Scale Dimension Test At Extremes What It Reveals
Volume 1 item vs 1B items Algorithmic complexity limits
Speed Instant vs 1 year Async requirements, caching needs
Users 1 user vs 1B users Concurrency issues, resource limits
Duration Milliseconds vs years Memory leaks, state growth
Failure rate Never fails vs always fails Error handling adequacy

Process

  1. Pick dimension - What could vary extremely?
  2. Test minimum - What if 1000x smaller/faster/fewer?
  3. Test maximum - What if 1000x bigger/slower/more?
  4. Note what breaks - Where do limits appear?
  5. Note what survives - What's fundamentally sound?
  6. Design for reality - Use insights to validate architecture

Detailed Examples

Example 1: Error Handling

  • Normal scale: "Handle errors when they occur" works fine
  • At 1B scale: Error volume overwhelms logging, crashes system
  • Reveals: Need to make errors impossible (type systems) or expect them (chaos engineering)
  • Action: Design error handling for volume, not just occurrence

Example 2: Synchronous APIs

  • Normal scale: Direct function calls work, < 100ms latency
  • At global scale: Network latency makes synchronous unusable (200-500ms)
  • Reveals: Async/messaging becomes survival requirement, not optimization
  • Action: Design async-first from start

Example 3: In-Memory State

  • Normal duration: Works for hours/days in development
  • At years: Memory grows unbounded, eventual crash (weeks → months → years)
  • Reveals: Need persistence or periodic cleanup, can't rely on memory forever
  • Action: Design for stateless or externalized state

Example 4: Single vs Million Users

  • Normal scale: Session in memory works for 100 users
  • At 1M scale: Memory exhausted, server crashes
  • Reveals: Need distributed session store (Redis, database)
  • Action: Design for horizontal scaling from start

Both Directions Matter

Test smaller too:

  • What if only 1 user? Does complexity make sense?
  • What if only 10 items? Is optimization premature?
  • What if instant response? What becomes unnecessary?

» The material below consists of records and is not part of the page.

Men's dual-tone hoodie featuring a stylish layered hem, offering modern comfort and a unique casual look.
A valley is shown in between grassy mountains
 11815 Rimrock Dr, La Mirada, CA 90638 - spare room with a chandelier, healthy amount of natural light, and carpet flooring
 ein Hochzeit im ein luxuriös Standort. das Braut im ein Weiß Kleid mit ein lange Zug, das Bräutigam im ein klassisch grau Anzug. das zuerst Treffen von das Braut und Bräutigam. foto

Often reveals over-engineering or premature optimization.

Red Flags

You need scale game when:

  • "It works in dev" (but will it work in production?)
  • No idea where limits are
  • "Should scale fine" (without evidence)
  • Surprised by production behavior
  • Architecture feels arbitrary

Success Metrics

After scale game, you should know:

  • Where system breaks (exact limits)
  • What survives (fundamentally sound parts)
  • What needs redesign (scale-dependent)
  • Production readiness (validated architecture)

Remember

  • Extremes reveal fundamentals hidden at normal scales
  • What works at one scale fails at another
  • Test BOTH directions (bigger AND smaller)
  • Use insights to validate architecture early
  • Don't guess - test at extremes